Kostin’s team attributed the summer unwind primarily to a powerful short squeeze and a shift in investor appetite toward “low quality” stocks that are typically heavily shorted.
“A basket of the most shorted U.S. stocks has doubled since the market’s April low and rallied more than 30% since early September,” the strategists wrote in an October 24 report to clients. “The Quality factor typically struggles during short squeezes because low-quality stocks tend to be popular short positions.”
Macro outlook dampens quality rotation
Goldman expects modest U.S. growth acceleration and continued Federal Reserve rate cuts into 2026, conditions that reduce the relative appeal of defensive, high-quality equities. The bank forecasts a 7% rise in S&P 500 (SP500) earnings in both 2025 and 2026, with a year-end 2025 price target of 6,800 and a 12-month target of 7,200, implying limited upside from current levels.
Kostin noted that the Quality factor’s recent losses have overshot macroeconomic drivers by roughly 10%, suggesting the decline has gone “further than fundamentals alone would indicate.” Still, Goldman cautioned that neither economic data nor policy signals point to a near-term reversal.
“From a macro perspective…modest growth and easing policy give little reason for investors to rotate back to perceived safety,” the report said.
Valuations remain elevated
Despite the pullback, high-quality stocks continue to trade at rich valuations. Goldman’s analysis shows the long leg of its quality basket trades at 25 times forward earnings– more than double the 12 times multiple of low-quality counterparts. That places the valuation spread near its widest in recent years.
Within the quality universe, profitability and low-volatility factors remain especially expensive, while balance-sheet strength appears more reasonably priced.
Meanwhile, short interest in the S&P 500 (SP500) remains elevated, with a median 2.3% of market capitalization sold short — well above historical norms and leaving “room for the squeeze to continue,” according to FINRA data cited by Goldman.

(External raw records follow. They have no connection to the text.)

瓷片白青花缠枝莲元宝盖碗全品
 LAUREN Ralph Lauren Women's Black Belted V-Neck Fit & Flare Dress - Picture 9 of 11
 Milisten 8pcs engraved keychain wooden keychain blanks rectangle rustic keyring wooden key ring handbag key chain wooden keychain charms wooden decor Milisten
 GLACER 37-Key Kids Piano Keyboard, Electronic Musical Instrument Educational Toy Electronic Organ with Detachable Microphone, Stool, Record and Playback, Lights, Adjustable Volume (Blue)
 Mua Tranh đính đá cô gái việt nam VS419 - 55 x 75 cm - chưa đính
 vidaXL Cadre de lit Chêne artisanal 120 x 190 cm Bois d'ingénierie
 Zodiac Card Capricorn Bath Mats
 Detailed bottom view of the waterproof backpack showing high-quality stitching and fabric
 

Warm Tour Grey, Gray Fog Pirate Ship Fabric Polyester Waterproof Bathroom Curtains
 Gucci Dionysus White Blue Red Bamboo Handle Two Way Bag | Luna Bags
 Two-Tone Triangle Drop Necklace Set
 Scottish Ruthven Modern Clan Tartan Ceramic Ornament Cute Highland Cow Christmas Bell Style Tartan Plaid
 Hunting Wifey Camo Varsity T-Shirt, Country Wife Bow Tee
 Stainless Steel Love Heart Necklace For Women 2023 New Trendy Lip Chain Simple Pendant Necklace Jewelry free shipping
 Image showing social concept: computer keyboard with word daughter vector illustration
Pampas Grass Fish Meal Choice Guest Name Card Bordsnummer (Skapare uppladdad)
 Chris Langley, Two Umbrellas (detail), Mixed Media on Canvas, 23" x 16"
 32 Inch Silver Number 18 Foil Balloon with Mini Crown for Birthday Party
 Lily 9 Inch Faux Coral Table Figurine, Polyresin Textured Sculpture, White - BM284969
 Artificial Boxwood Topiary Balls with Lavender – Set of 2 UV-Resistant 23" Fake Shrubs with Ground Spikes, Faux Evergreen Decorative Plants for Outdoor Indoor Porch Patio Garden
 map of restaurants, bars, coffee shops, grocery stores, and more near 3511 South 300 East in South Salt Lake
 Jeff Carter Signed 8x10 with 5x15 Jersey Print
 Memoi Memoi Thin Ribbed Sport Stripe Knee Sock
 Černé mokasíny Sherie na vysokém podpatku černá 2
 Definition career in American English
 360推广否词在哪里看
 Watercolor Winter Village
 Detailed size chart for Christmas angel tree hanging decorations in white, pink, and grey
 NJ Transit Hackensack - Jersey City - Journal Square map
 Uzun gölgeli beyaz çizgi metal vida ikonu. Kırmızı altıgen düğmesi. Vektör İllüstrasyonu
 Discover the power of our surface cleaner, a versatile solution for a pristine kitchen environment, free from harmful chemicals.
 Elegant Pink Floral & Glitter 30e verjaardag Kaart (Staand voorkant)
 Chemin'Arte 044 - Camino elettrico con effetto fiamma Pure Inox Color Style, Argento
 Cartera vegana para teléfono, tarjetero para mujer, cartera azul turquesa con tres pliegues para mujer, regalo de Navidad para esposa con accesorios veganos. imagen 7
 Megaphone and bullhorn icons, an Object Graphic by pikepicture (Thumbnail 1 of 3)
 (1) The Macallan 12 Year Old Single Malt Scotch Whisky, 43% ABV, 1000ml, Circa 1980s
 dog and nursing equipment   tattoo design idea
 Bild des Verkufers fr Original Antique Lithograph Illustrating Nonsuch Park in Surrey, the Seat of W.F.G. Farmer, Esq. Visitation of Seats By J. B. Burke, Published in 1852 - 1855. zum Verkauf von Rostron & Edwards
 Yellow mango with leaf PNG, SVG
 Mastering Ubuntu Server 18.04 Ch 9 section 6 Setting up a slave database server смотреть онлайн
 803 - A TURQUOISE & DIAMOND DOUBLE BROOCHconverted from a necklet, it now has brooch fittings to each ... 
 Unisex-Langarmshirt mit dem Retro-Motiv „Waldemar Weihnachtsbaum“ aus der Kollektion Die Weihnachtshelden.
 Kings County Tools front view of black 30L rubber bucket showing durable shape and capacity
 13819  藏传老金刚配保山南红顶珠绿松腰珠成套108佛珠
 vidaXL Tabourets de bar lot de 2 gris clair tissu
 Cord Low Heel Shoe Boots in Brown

High-quality bargains emerge
While the overall factor remains pressured, Goldman highlighted a subset of high-quality companies now trading at discounts after the recent selloff. These include members of the firm’s high-quality and quality compounders baskets such as Adobe (ADBE), Fiserv (FI), PepsiCo (PEP) and S&P Global (SPGI), which have fallen at least 10% below their 52-week highs and carry price-to-earnings ratios below their five-year medians.
The median stock in this group is projected to post 11% earnings-per-share growth in 2026, suggesting select opportunities for long-term investors despite the broader factor headwinds.
Earnings season: Strong beats, weak reactions
As of October 24, 29% of S&P 500 (SP500) companies had reported third-quarter results, with 69% beating analyst estimates by more than one standard deviation, well above the long-term average. Yet, the median stock that posted an earnings beat has underperformed the index by 33 basis points the following day, indicating that strong results have largely been priced in.
The coming week marks the busiest stretch of the earnings season, with roughly 44% of S&P 500 (SP500) market capitalization set to report, including major technology names such as Microsoft (MSFT), Alphabet (GOOG) (GOOGL), Meta (META), Apple (AAPL) and Amazon (AMZN).
Goldman Sachs sees limited near-term upside for high-quality stocks given stretched valuations, resilient short interest and a macro backdrop that favors cyclicals over defensives. However, the strategists suggest that recent underperformance may have created opportunities to accumulate select “quality compounders” at more attractive entry points.
While a broad rebound in Quality appears unlikely, individual high-quality stocks now trade at discounted valuations relative to their fundamentals, according to Goldman Sachs.